We prepared forms in spreadsheets to extract the key findings in emotion recognition in children with autism. We were interested in several research issues related to automatic emotion recognition, i.e., which emotions are recognized in children with autism, which channels and techniques are used for emotion recognition, and how multiple modalities are handled. We also planned to analyze demographic data, including the number of children in the study (with ASD or typically developing), their gender, and age. We also wanted to note all challenges, recommendations, and other relevant observations. We agreed that a tagger could extend the forms, i.e., by new emotions or modalities that were not considered at the beginning of this study.
After we had read the papers and filled in the forms, we extended some of them which had too little information and repeated the process of the key findings extraction. For example, we extended a spreadsheet with information about children by adding vocabulary (wording) describing children. In some papers, authors used the expression “child with autism” while in others, “autistic child” was used. This procedure of repetition was to avoid selective reporting bias.
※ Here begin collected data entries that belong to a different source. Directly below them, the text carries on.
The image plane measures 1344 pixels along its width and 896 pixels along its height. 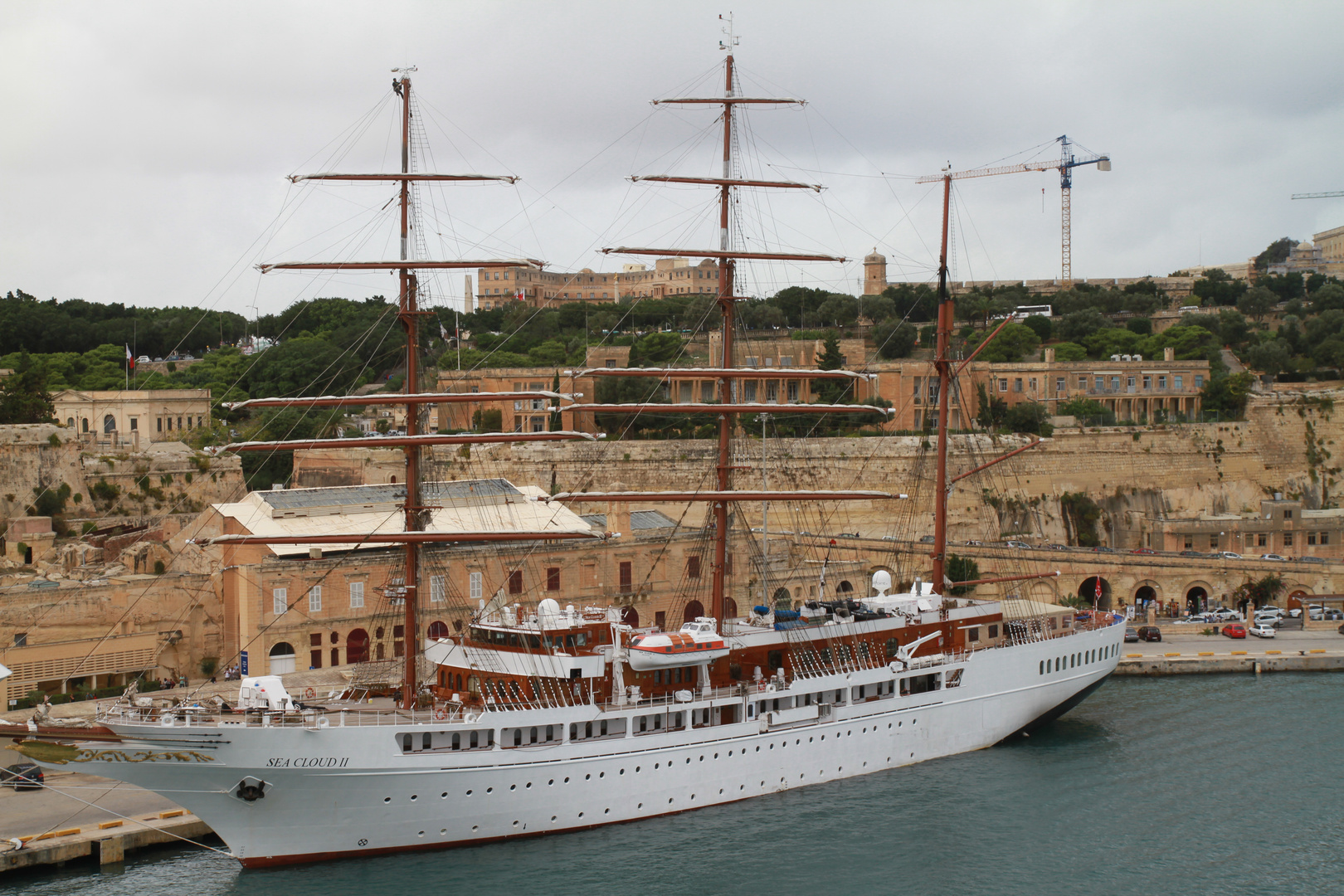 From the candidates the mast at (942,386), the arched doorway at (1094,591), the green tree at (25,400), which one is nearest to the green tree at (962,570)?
the arched doorway at (1094,591)

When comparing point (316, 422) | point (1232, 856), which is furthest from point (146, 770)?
point (316, 422)

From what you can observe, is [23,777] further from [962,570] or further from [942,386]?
[962,570]

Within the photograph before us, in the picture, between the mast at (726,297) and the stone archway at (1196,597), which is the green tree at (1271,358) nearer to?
the stone archway at (1196,597)

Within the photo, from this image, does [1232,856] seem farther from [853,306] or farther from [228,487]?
[853,306]

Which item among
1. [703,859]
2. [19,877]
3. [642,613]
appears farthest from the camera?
[642,613]

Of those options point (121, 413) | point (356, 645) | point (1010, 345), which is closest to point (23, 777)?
point (356, 645)

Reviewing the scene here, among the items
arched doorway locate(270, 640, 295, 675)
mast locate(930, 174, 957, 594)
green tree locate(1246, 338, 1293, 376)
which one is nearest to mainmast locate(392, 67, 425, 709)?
arched doorway locate(270, 640, 295, 675)

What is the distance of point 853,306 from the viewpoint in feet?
293

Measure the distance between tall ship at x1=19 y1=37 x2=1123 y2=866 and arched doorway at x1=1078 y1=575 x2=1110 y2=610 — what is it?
13239 millimetres

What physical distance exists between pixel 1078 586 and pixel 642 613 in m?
17.2

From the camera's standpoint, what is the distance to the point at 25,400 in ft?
169

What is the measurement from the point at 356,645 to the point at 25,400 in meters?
22.1

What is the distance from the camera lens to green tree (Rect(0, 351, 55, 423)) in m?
51.2

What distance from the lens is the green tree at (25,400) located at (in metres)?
51.2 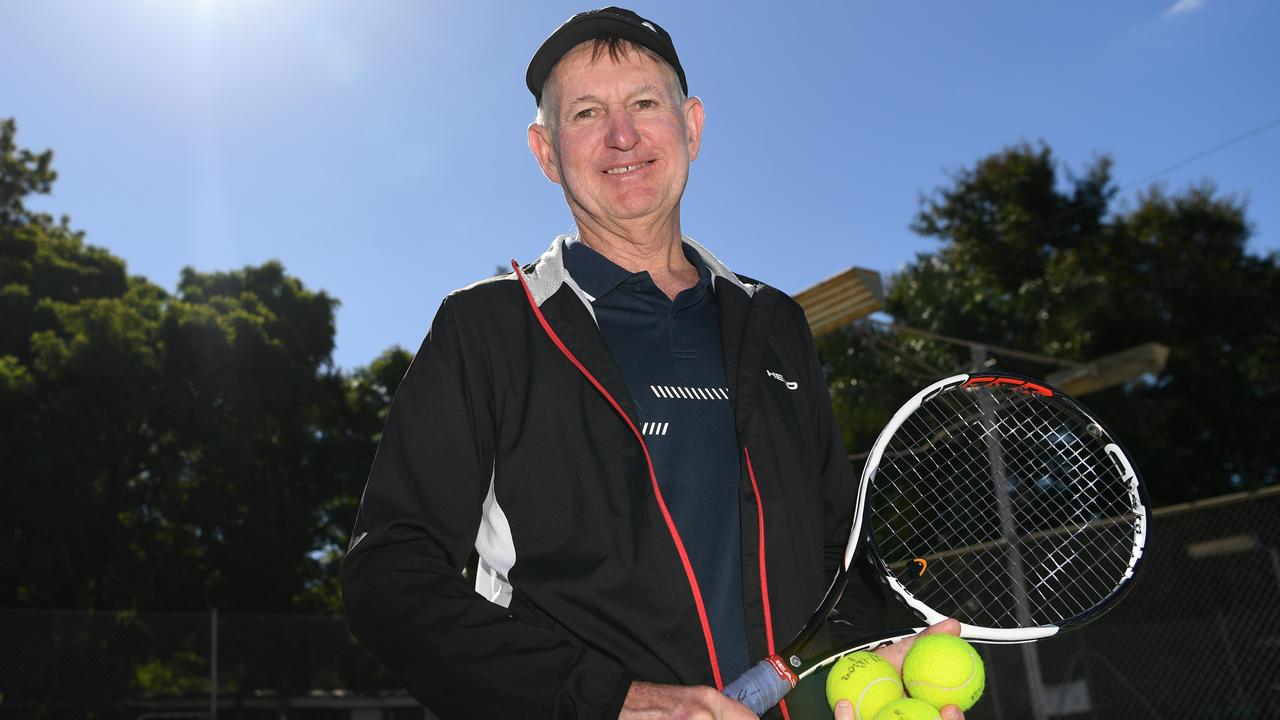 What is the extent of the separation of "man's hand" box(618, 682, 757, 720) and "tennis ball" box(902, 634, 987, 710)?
48 centimetres

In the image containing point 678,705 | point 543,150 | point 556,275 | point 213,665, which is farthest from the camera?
point 213,665

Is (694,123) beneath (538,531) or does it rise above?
above

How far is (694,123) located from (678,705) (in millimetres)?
1502

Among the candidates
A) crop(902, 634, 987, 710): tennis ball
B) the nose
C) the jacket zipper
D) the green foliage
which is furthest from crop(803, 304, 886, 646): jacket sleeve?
the green foliage

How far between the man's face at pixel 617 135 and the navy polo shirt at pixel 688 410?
5.5 inches

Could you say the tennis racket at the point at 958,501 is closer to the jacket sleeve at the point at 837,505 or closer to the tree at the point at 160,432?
the jacket sleeve at the point at 837,505

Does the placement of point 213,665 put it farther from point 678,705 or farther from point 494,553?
point 678,705

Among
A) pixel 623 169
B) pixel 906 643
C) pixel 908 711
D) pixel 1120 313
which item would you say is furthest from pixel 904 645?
pixel 1120 313

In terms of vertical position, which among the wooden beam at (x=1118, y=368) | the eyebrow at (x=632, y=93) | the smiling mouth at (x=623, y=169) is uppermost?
the wooden beam at (x=1118, y=368)

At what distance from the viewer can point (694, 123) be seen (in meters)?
2.59

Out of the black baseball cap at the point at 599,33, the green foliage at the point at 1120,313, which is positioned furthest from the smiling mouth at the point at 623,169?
the green foliage at the point at 1120,313

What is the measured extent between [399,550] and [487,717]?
32 centimetres

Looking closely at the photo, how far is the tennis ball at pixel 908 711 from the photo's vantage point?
179 centimetres

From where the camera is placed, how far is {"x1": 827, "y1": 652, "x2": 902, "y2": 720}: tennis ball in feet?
6.32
We decided to analyze the data by means of quantitative and qualitative analysis. For quantitative analysis, we used a simple count measure. We decided to unify some columns from the final spreadsheets, e.g., we grouped some emotion names under labels from the two emotion models: Ekman’s basic emotions or two-dimensional ones.
5. Conclusions
The paper provides a systematic literature review for the challenge of automatic emotion recognition applied in studying and training children with autism. Over 2000 papers were initially extracted from 7 search engines, finally including 50 papers in a qualitative and 27 in a quantitative analysis.
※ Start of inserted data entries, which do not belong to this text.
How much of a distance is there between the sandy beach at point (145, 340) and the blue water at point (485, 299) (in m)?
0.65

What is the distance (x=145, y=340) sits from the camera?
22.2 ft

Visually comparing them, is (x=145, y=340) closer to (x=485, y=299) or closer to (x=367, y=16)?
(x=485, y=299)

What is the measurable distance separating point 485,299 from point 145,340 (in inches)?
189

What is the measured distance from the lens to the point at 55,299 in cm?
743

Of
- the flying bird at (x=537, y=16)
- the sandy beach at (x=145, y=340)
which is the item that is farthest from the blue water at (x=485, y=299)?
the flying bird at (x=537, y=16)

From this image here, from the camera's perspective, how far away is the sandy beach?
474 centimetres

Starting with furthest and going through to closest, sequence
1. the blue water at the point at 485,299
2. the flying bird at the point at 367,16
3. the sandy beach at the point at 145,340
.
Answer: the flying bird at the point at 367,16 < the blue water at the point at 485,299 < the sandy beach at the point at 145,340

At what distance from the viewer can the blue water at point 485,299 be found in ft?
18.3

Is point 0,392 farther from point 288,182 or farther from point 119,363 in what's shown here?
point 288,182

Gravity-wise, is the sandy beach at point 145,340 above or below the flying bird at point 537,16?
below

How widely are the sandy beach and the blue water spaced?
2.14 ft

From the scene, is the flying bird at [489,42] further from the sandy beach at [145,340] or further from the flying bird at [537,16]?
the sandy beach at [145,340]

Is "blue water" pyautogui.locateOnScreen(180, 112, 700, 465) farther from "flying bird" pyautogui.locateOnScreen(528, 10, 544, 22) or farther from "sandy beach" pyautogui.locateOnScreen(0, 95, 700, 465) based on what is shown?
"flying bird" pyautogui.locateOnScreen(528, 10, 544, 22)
The study reveals some observations regarding observation channels, modalities, and methods used for emotion recognition in children with autism. Qualitative analysis revealed important clues on participant group construction and the most common combinations of modalities and methods. The study might be of interest for researchers who apply emotion recognition or enhance methods for affect classification in autism-related studies.
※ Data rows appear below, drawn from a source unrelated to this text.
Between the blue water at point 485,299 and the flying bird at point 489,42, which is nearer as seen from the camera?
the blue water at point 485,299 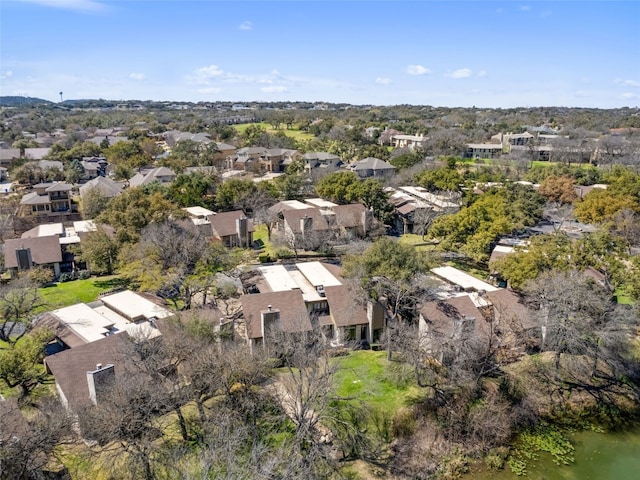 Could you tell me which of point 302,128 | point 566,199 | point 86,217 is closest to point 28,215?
point 86,217

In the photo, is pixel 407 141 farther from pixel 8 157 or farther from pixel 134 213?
pixel 8 157

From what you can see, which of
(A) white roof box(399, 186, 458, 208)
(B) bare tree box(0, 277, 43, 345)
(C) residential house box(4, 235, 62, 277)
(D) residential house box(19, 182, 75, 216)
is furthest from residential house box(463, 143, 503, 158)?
(B) bare tree box(0, 277, 43, 345)

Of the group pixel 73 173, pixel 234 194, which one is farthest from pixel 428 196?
pixel 73 173

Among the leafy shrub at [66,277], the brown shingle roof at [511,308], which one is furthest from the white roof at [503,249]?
the leafy shrub at [66,277]

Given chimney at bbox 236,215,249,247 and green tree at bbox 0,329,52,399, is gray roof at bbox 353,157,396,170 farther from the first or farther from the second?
green tree at bbox 0,329,52,399

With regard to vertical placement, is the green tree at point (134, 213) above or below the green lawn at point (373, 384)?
above

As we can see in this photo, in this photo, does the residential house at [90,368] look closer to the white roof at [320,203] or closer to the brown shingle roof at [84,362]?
the brown shingle roof at [84,362] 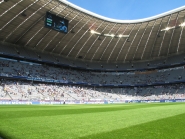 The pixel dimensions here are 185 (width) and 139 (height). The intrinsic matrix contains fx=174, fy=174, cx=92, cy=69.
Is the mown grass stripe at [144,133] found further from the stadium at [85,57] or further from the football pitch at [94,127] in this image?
the stadium at [85,57]

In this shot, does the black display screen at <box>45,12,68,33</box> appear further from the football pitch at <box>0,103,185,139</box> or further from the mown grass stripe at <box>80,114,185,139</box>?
the mown grass stripe at <box>80,114,185,139</box>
This systematic literature review revealed a number of challenges related to the application of emotion recognition to studies on children on the autism spectrum. Some good practices were also identified. There are several implications of the findings, both for science and practical applications. Further works might analyze diverse stimuli in autism and perhaps create a stimuli set dedicated for that special group, adjusted to its reactivity type. Moreover, multimodal approaches seem not to be explored enough, and perhaps more studies would reveal more practical results. Other issues of concern in further studies include: (1) the participants’ group construction taking into account sex, developmental age, and level of functioning; (2) the mixed (compound) labelling approaches; (3) creating datasets for further research—with measurement and label data related only to children with autism, or (4) which emotions are of real interest in the analyzed interaction rather than starting with a basic emotions model.